Rank these documents by relevance. Return ONLY the document numbers in order of relevance, most relevant first.
Format: 3, 1, 5, 2, 4
Documents:
${docList}`,
},
],
});
const text = (response.content[0] as any).text;
const indices = text.match(/\d+/g)?.map(Number) || [];
return indices
.filter(i => i >= 1 && i <= documents.length)
.slice(0, topK)
.map(i => documents[i - 1].content);
}
Reranking Best Practices
- Over-retrieve, then rerank: Fetch 20-50 candidates, rerank to top 3-5. More candidates = better final results.
- Cross-encoder models are small: Local cross-encoders run in milliseconds — don't fear the latency.
- Cohere Rerank is production-ready: If you need a managed API, Cohere provides excellent quality with simple integration.

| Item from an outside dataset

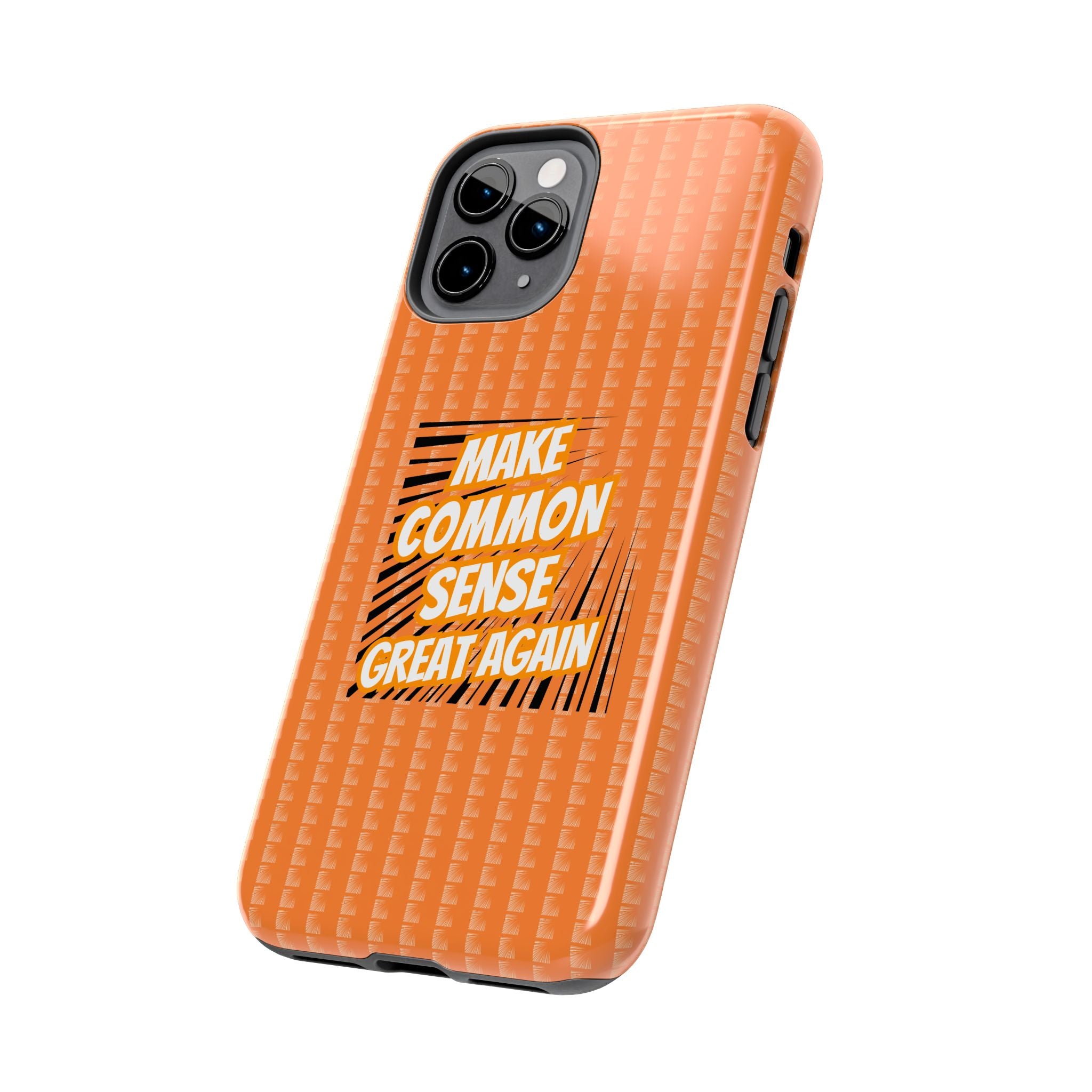Make Common Sense Great Again Tough Phone Case | Impact-Resistant iPhone & Samsung Cover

- Combine with hybrid search: Hybrid retrieval + reranking is the gold standard for RAG quality in 2026.
- Cache reranking results: If the same query is asked often, cache the reranked order to avoid repeated computation.
Summary
Reranking is one of the highest-impact improvements you can make to a RAG pipeline. By adding a cross-encoder or API-based reranker between retrieval and generation, you dramatically improve the precision of your context window. The extra 50-200ms of latency is almost always worth the quality improvement.